Here in Dartmouth, Dartmouth Players Theatre has called 33 Creighton Ave. home for the last 26 years.
Although the organization in its current form has existed for 25 years, the roots of the community theatre group go as far back as 1957. Community theatre in Dartmouth got its beginnings through the Dartmouth Parks and Recreation Department when it obtained permission to use and equip the Prince Arthur Junior High School Auditorium as a community theatre. Around 1958, the Dartmouth Drama Club was formed after a meeting at Southdale School. During the 1961/62 season, the Group hosted two festivals: the Provincial One-Act Play Festival and the Regional Dominion Drama Festival.

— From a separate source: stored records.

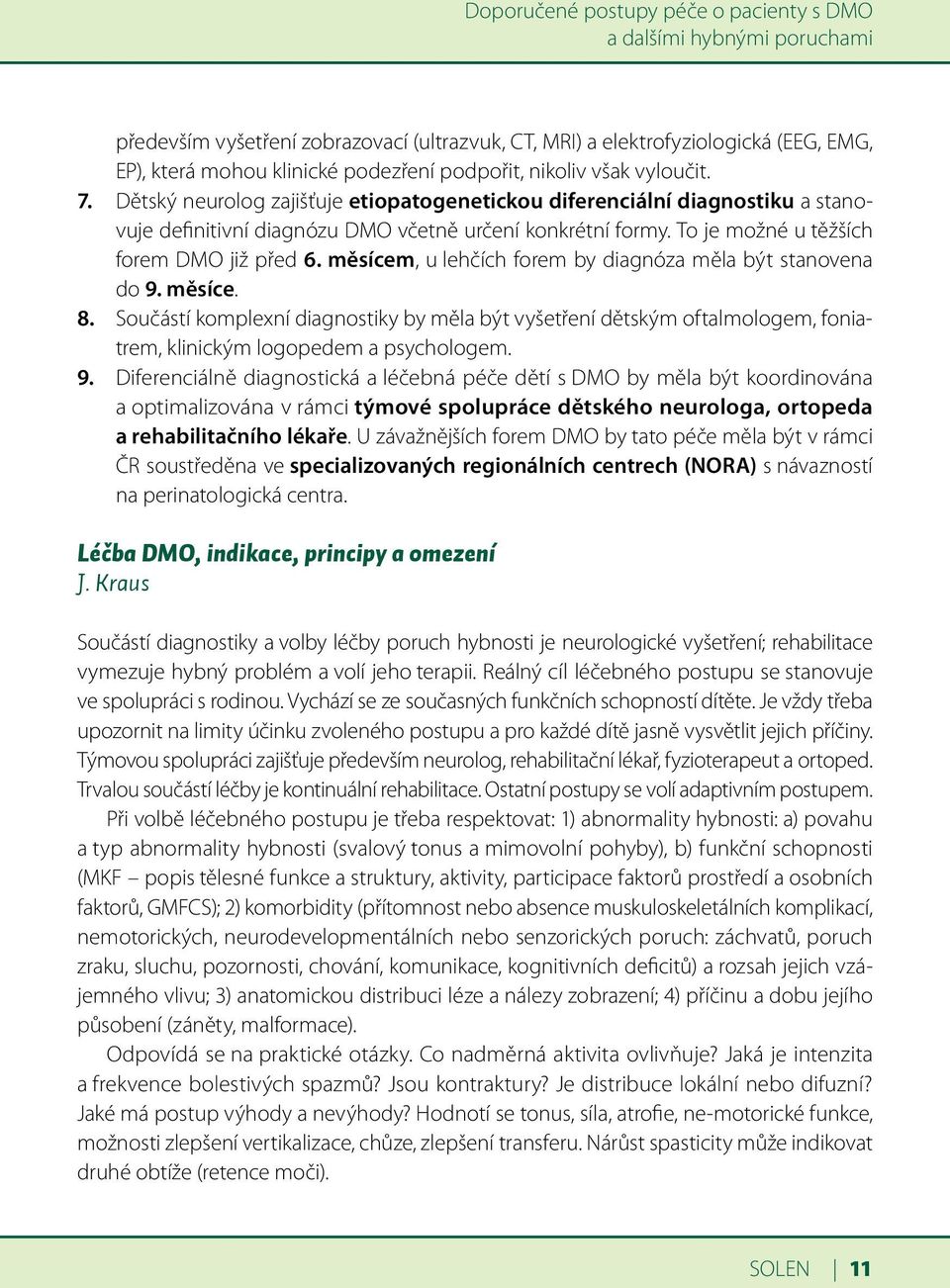 To je možné u těžších forem DMO již před 6. měsícem, u lehčích forem by diagnóza měla být stanovena do 9. měsíce. 8.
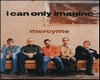MercyME - Only Imagine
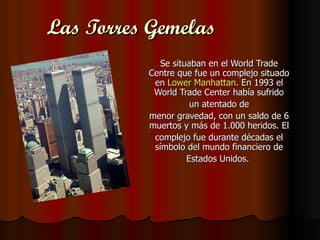Las Torres Gemelas
             Se situaban en el World Trade
          Centre que fue un complejo situado
           en Lower Manhattan. En 1993 el
           World Trade Center había sufrido
                     un atentado de
          menor gravedad, con un saldo de 6
          muertos y más de 1.000 heridos. El
           complejo fue durante décadas el
           símbolo del mundo financiero de
                    Estados Unidos.
 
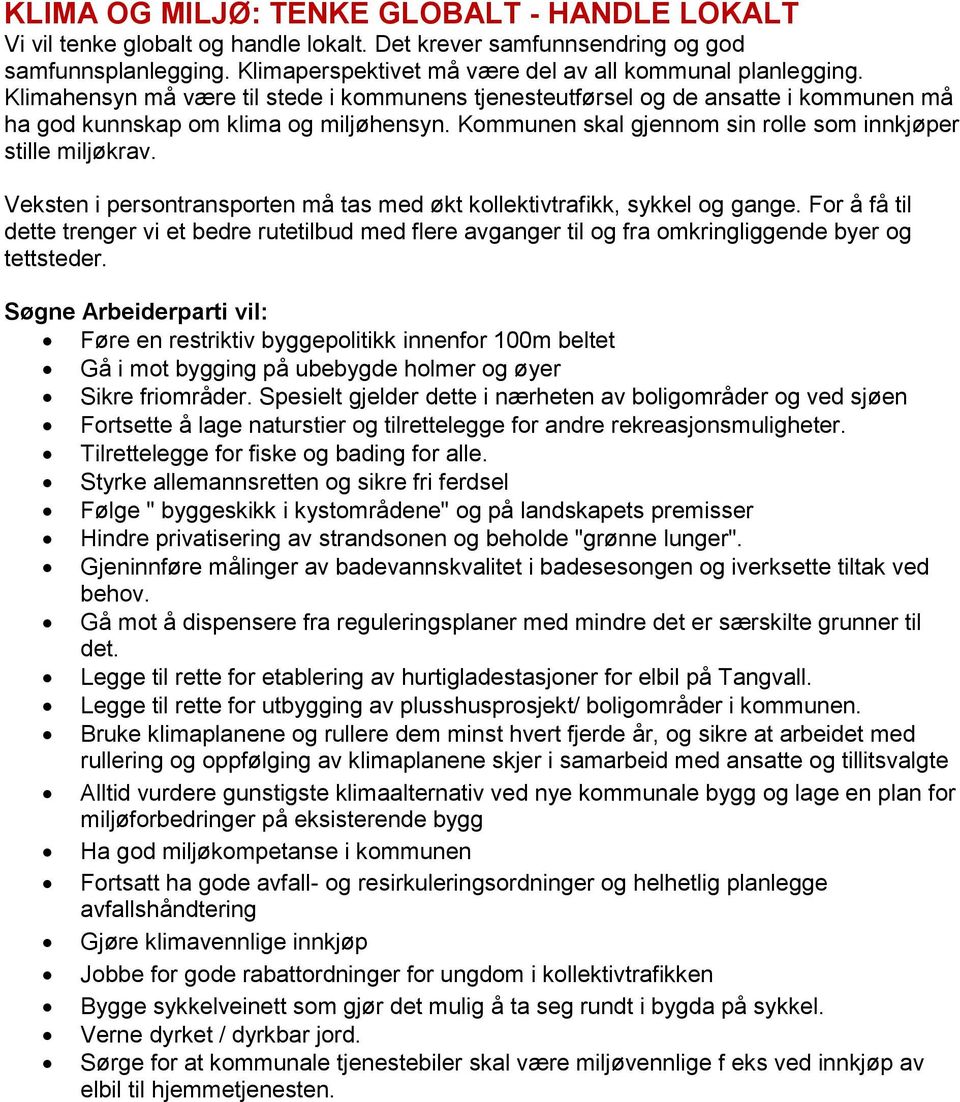 Veksten i persontransporten må tas med økt kollektivtrafikk, sykkel og gange. For å få til dette trenger vi et bedre rutetilbud med flere avganger til og fra omkringliggende byer og tettsteder.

Over the next several years, directors such as Rosa Atkinson, John Poulton, Arthur Ware, Robert Vandekieft, Cliff Tyner, and Flo Trillo directed plays in both Prince Arthur and Prince Andrew High School auditoriums. The Group took part in many of the Nova Scotia Drama League's festivals such as in Truro (1970), and the Dominion Drama Festival (1971 and 1973). The group changed its name to "Dartmouth Players" in about 1971 and in early 1974 moved to the converted Dundas Cinema in Dartmouth. In the spring of 1974, Dark of the Moon, directed by Flo Trillo, was the only play produced in the Dundas Street Theatre as it burned down later that year. Since they had lost everything in the fire, the Players were unable to continue and disbanded.
A New Beginning
Cliff Tyner and Arthur Ware were approached by Dartmouth City Council in 1985, following a Dartmouth-based production presented in the Dunn Theatre in Halifax and witnessed by then Mayor of Dartmouth, John Savage. Dr. Savage recognized the need for community theatre, and Tyner and Ware were given the use of a small room in Findlay Community Centre, where the inaugural meeting of the newly revived Dartmouth Players took place in January 1986. Plays were staged at the Dartmouth High School, Prince Andrew High School auditoriums, and the Findlay Centre until the Crichton Avenue Community Centre opened in the fall of 1987. The Centre became the settled home of the group, and over the next twenty-plus years, Dartmouth Players has produced well over sixty plays and hosted many visiting theatre groups. Our audience has grown continually during that time to reach well over five thousand people a season. We hope to see you at the theatre, and enjoy the show!